笔者在长三角地区做田野调查时,一位科技局官员告诉我们:

“因为国家大的方针政策和整个社会就是这个导向,所以企业很快就会捕捉到。这个事情也不是说全在于国家引导,企业也有它自己的发展需求,整体的趋势就是‘机器换人,其中有招工难的原因,也有竞争的原因,多方面的,如果哪家企业不弄,哪家就落后了。”(T市政府官员)

T市政府官员的话语透露出,对技术的推崇不是单一因素的影响,而是各方力量共同形塑的社会景观,其主要的建构主体是国家和企业。从国家的角度来看,技术是生产发展的导向。从上文的论述中,我们也可以看到,国家在政策制定、专项资金及话语主导上都起着重要的作用,国家通过政策机制影响技术的生产和使用,将智能制造打造为未来中国制造的主攻方向。企业也在实践中推进技术的再生产。一家专事石膏建材生产的企业负责人表示:

“这么多年来咱们一直在推进自动化升级,特别是近几年咱们公司的发展方向已经很明确了,智能制造(机器换人)在企业的发展战略里面已经被摆在了很高的位置上。”(T市BX建材公司管理人员)
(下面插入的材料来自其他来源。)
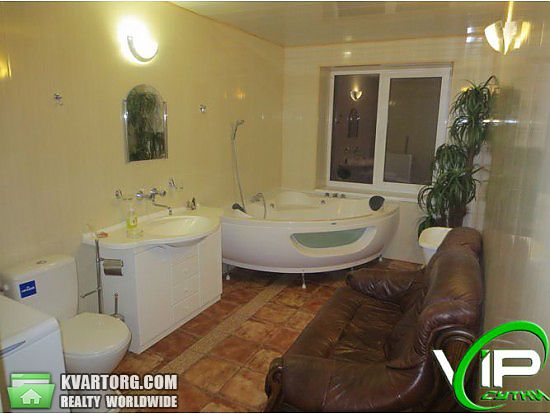 Rent out 3-room apartment. Харьков, Героев Труда — photo 1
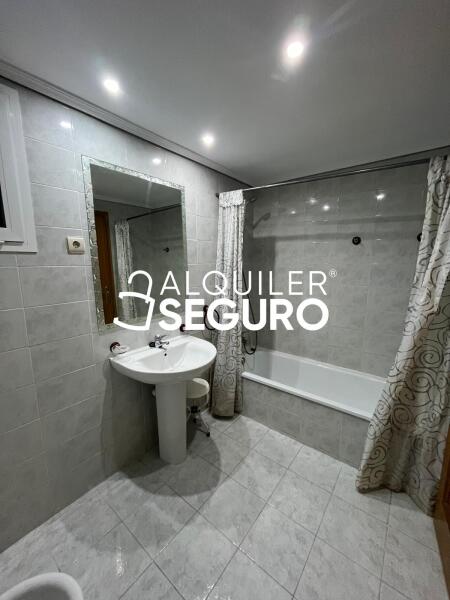 Inmueble en Calle Reyes Catolicos, MADRID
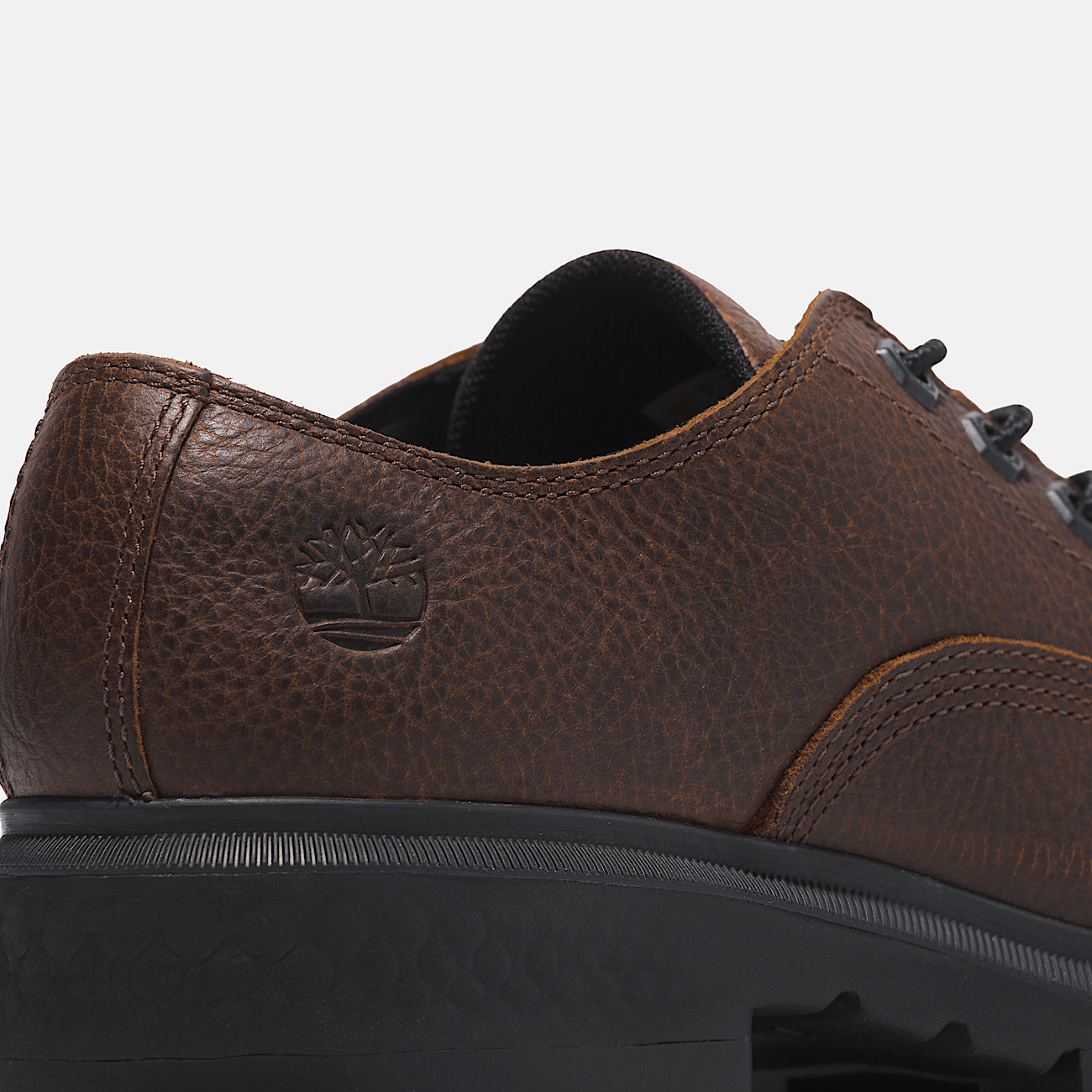 Cortina Valley Oxford for Women in Dark Brown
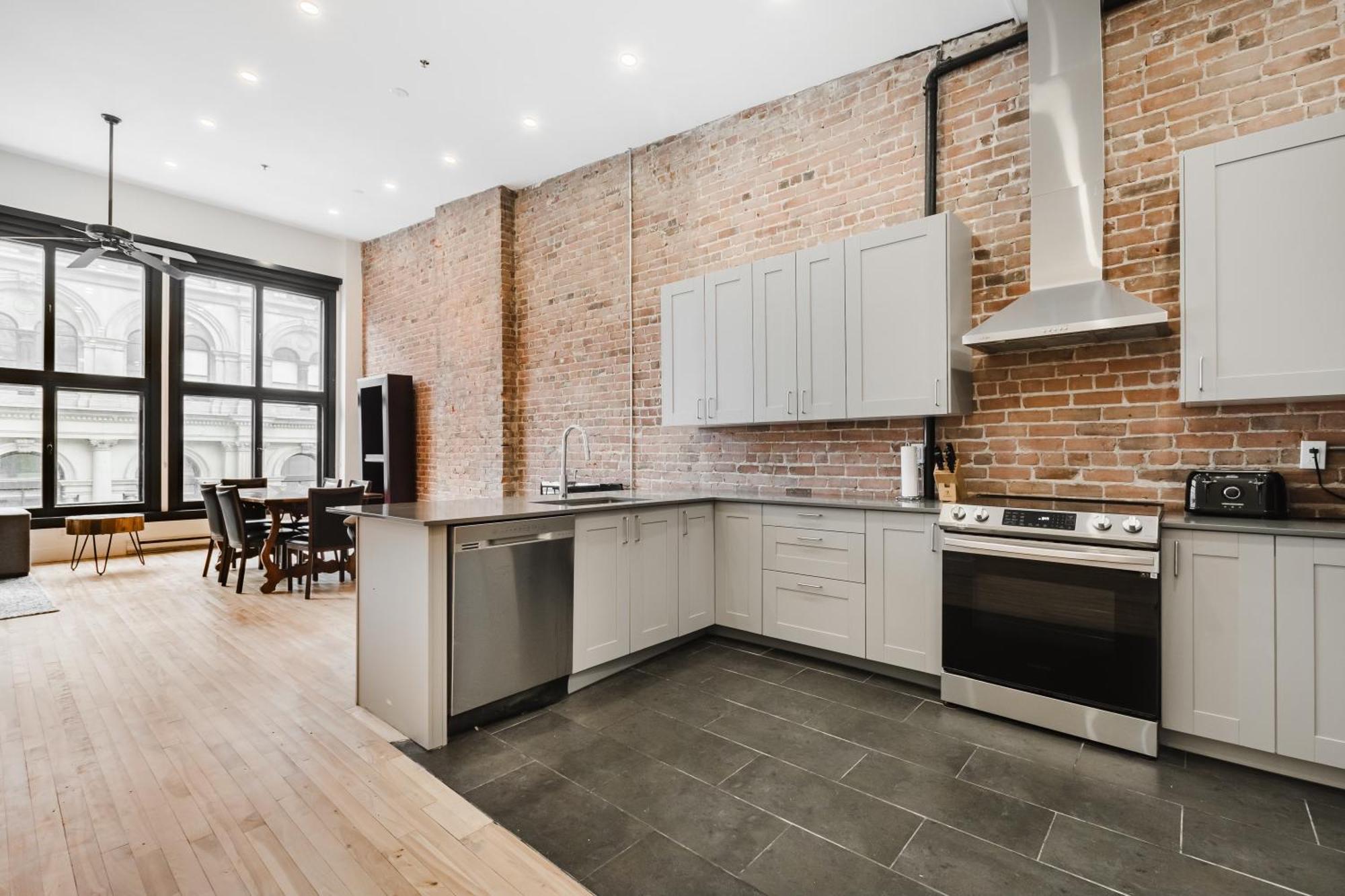 Elegant 3 Bedroom Apartment In Old Port - 302 Montreal Exterior photo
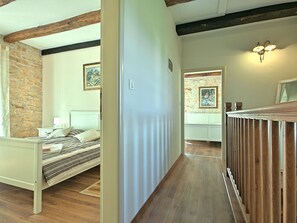 3 bedrooms, bed sheets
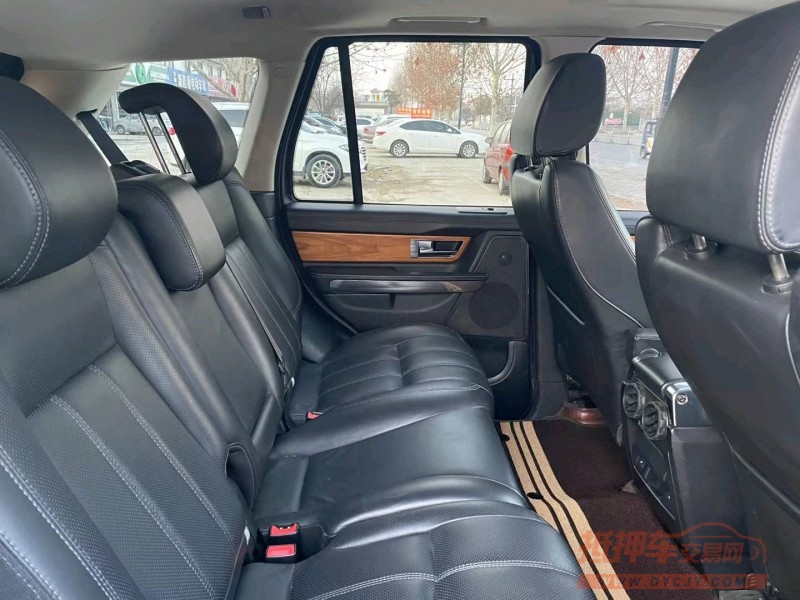 济宁12年路虎揽胜运动5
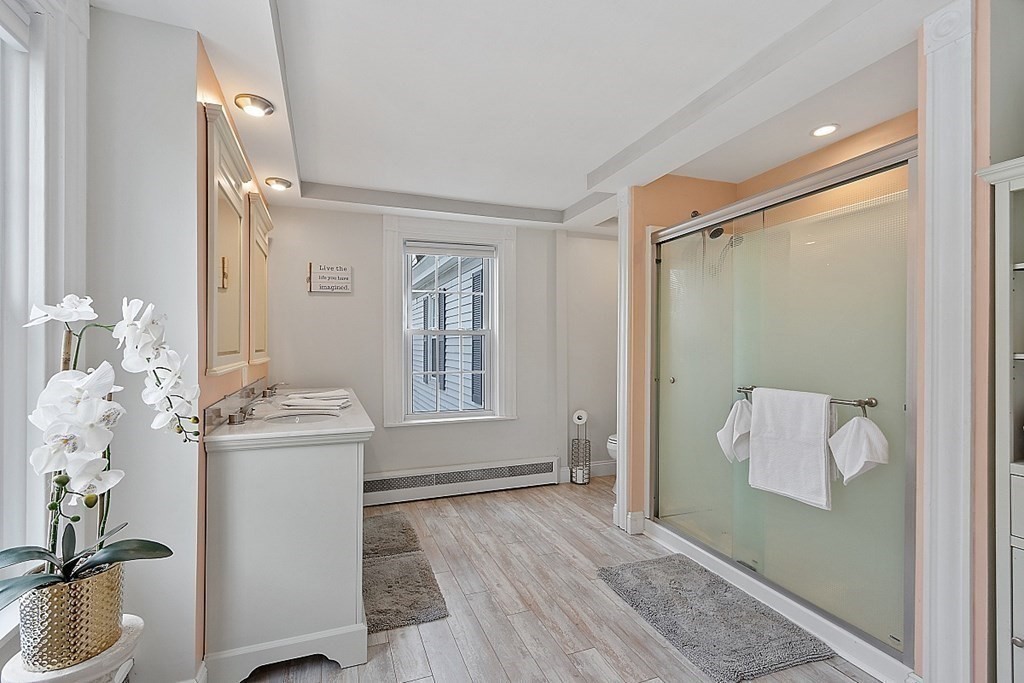 42 Cherry Street Gardner, MA 01440 - Photo 24 of 42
企业推进“机器换人”的原因有三个:一是响应国家的政策,二是出于解决“招工难”的现实困境,三是提升企业竞争力。已有研究对前两个因素的关注很多,笔者着重分析技术对提升企业竞争力的影响方面。工业机器人具有高效率、高精确度、高稳定性、能在高危环境下作业等优势,在劳动密集型产业的转型升级中作用突出。②这就为企业的生产效率提高和产品的稳定性提供了保障,减少了人为误差,降低了残次品的生产比重。

“我们是以业务发展为导向,原来这个产品是人工做的,为了保证质量,提高效率,生产更稳定,我们可能会引进一台新的设备。”(S市PN公司管理人员)

稳定客户关系,获得新订单,也成为竞争力提升的重要考虑因素。S市PN公司管理人员强调了技术的重要性。对于企业来说,质量和技术是竞争的基础。在竞争中,客户关系是“1”,其他是“0”,而客户恰恰是靠质量和技术维护发展起来的。“机器换人”对企业形象的提升大有裨益。实行“机器换人”的企业在对外拓展客户关系、发展新订单、提高门槛资质等方面均有不同程度的优势。

“有些客户是五百强的,对工厂的质量管控要求是很高的,包括使用的检测设备,也包括用的工业机器人。换句话说,用了工业机器人自动化设备,有助于企业树立良好的形象,寻求合作关系的门槛资质也就不一样了。”(W市AB公司管理人员)

安徽一家汽车装配公司的负责人甚至直言:

“如果说现在我们属于智能工厂,那么在对外打交道时,它是我的一张名片,对吧?”(W市PW公司管理人员)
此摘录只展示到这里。